Tam, albo u znajomego słodowego albo u :Krakowianek: kupowałem świeżutki
porter okocimski. Miał on dwojakie zastosowanie - do piernika (zawsze
zagniatany sporo przed Świętem Zmarłych i do porteróweczki (niezbędnej
na wigilijnym stole (do karpika w szarym sosie też) :) Resztą (porteru)
zajmował się Ojciec, mnie nie za bardzo podchodził (wolałem Okocim pełny
jasny albo Stawski Beer.)
pozdr
Stefan
› Pokaż wiadomość z nagłówkami
28. Data: 2016-11-23 14:38:40
Temat: Re: Piernik świąteczny dojrzewającyPan stefan napisał:
> Od późnego Gomułki jednym z moich podstawowych obowiązków domowych w
> rodzinnym domu była gdzieś pod koniec października podróż do Brzeska.
> Tam, albo u znajomego słodowego albo u :Krakowianek: kupowałem świeżutki
> porter okocimski. Miał on dwojakie zastosowanie - do piernika (zawsze
> zagniatany sporo przed Świętem Zmarłych i do porteróweczki (niezbędnej
> na wigilijnym stole (do karpika w szarym sosie też) :) Resztą (porteru)
> zajmował się Ojciec, mnie nie za bardzo podchodził (wolałem Okocim pełny
> jasny albo Stawski Beer.)
Czy sprzeczność jaką widzę między "pod koniec października" i "sporo
przed Świętem Zmarłych" jest rzeczywista, czy tylko pozorna, bo piernik
wyrabiany był w nieznanej mi wieloetapowej technologii, w której proces
zagniatania i zalewania porterem były procesami odrębnymi i rozdzielonymi
w czasie?
--
Jarek
› Pokaż wiadomość z nagłówkami
29. Data: 2016-11-23 16:08:50
Temat: Re: Piernik świąteczny dojrzewającyW dniu 23.11.2016 o 14:20, stefan pisze:
> Od późnego Gomułki jednym z moich podstawowych obowiązków domowych w
> rodzinnym domu była gdzieś pod koniec października podróż do Brzeska.
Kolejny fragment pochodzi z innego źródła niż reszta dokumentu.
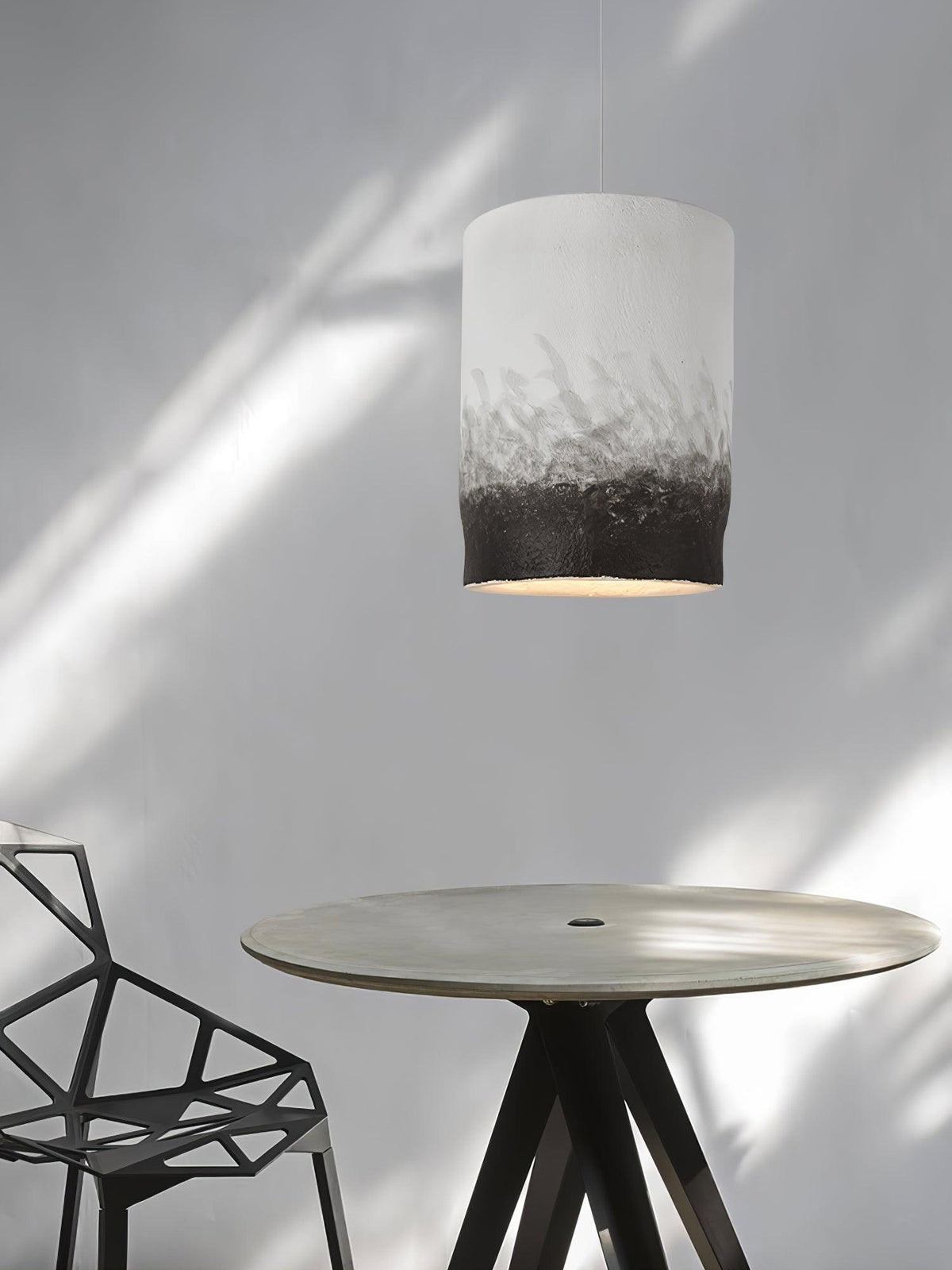 Ceraeion moderne minimalistisk pendellampe med tynd krumning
> Tam, albo u znajomego słodowego albo u :Krakowianek: kupowałem
> świeżutki porter okocimski. Miał on dwojakie zastosowanie - do
> piernika (zawsze zagniatany sporo przed Świętem Zmarłych i do
> porteróweczki (niezbędnej na wigilijnym stole (do karpika w szarym
> sosie też) :) Resztą (porteru) zajmował się Ojciec, mnie nie za bardzo
> podchodził (wolałem Okocim pełny jasny albo Stawski Beer.)
No w takim razie bez piwa już się stary piernik nie obędzie.
Ewa
› Pokaż wiadomość z nagłówkami
30. Data: 2016-11-23 16:09:21
Temat: Re: Piernik świąteczny dojrzewającyW dniu 23.11.2016 o 14:38, Jarosław Sokołowski pisze:
> Pan stefan napisał:
>
>> Od późnego Gomułki jednym z moich podstawowych obowiązków domowych w
>> rodzinnym domu była gdzieś pod koniec października podróż do Brzeska.
>> Tam, albo u znajomego słodowego albo u :Krakowianek: kupowałem świeżutki
>> porter okocimski. Miał on dwojakie zastosowanie - do piernika (zawsze
>> zagniatany sporo przed Świętem Zmarłych i do porteróweczki (niezbędnej
>> na wigilijnym stole (do karpika w szarym sosie też) :) Resztą (porteru)
>> zajmował się Ojciec, mnie nie za bardzo podchodził (wolałem Okocim pełny
>> jasny albo Stawski Beer.)
> Czy sprzeczność jaką widzę między "pod koniec października" i "sporo
> przed Świętem Zmarłych" jest rzeczywista, czy tylko pozorna, bo piernik
> wyrabiany był w nieznanej mi wieloetapowej technologii, w której proces
> zagniatania i zalewania porterem były procesami odrębnymi i rozdzielonymi
> w czasie?
Zależy, ile to jest "sporo" wg logiki rozmytej.